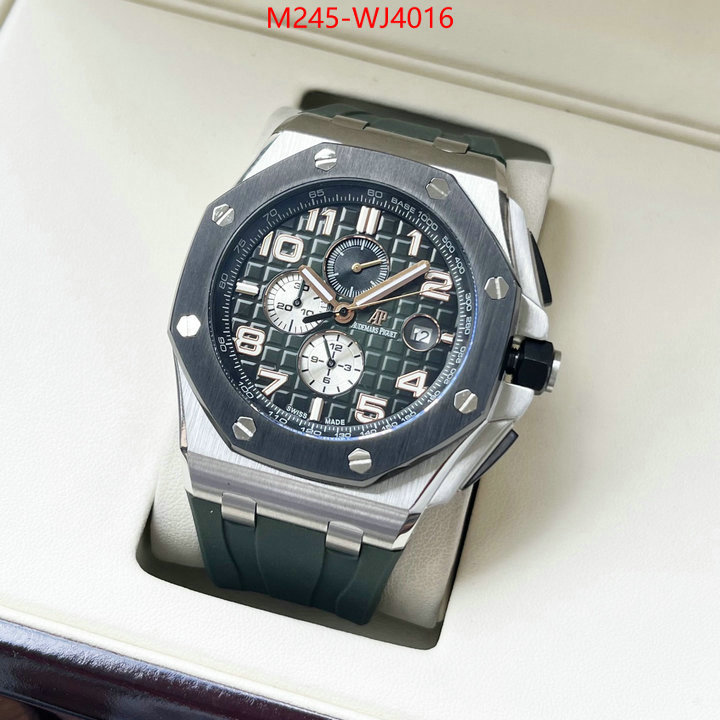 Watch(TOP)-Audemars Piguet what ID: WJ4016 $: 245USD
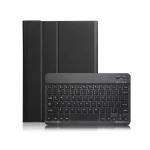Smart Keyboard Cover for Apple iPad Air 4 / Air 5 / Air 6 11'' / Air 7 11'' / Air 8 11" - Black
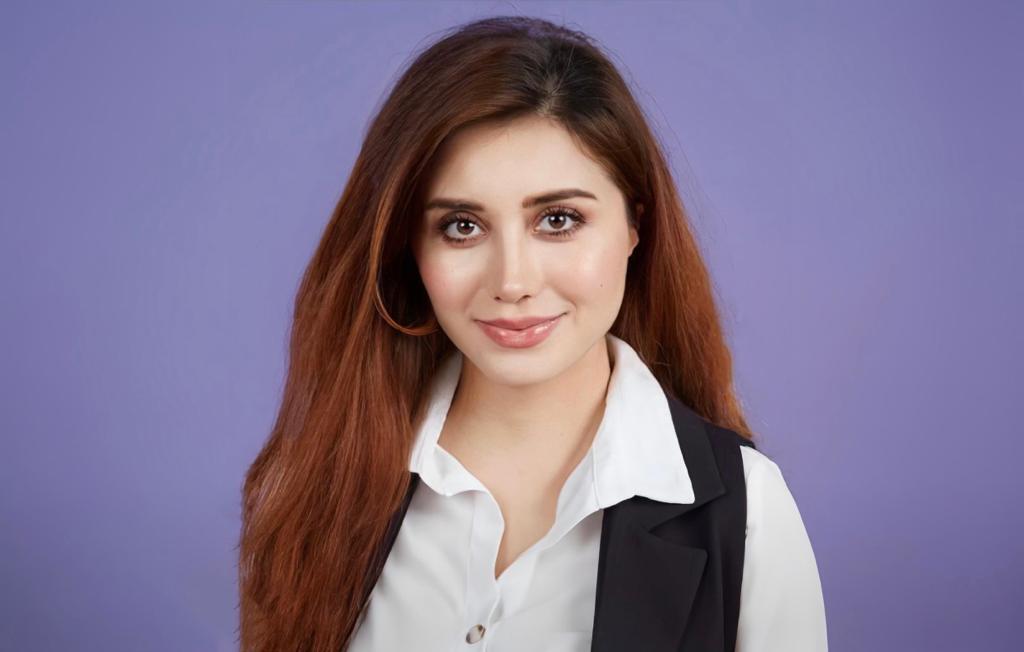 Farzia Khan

- **Exercise goal**: Output the data exactly, pictures omitted.

- **Output for this exercise**:
 Watch(TOP)-Audemars Piguet what ID: WJ4016 $: 245USD
Smart Keyboard Cover for Apple iPad Air 4 / Air 5 / Air 6 11'' / Air 7 11'' / Air 8 11" - Black
 Farzia Khan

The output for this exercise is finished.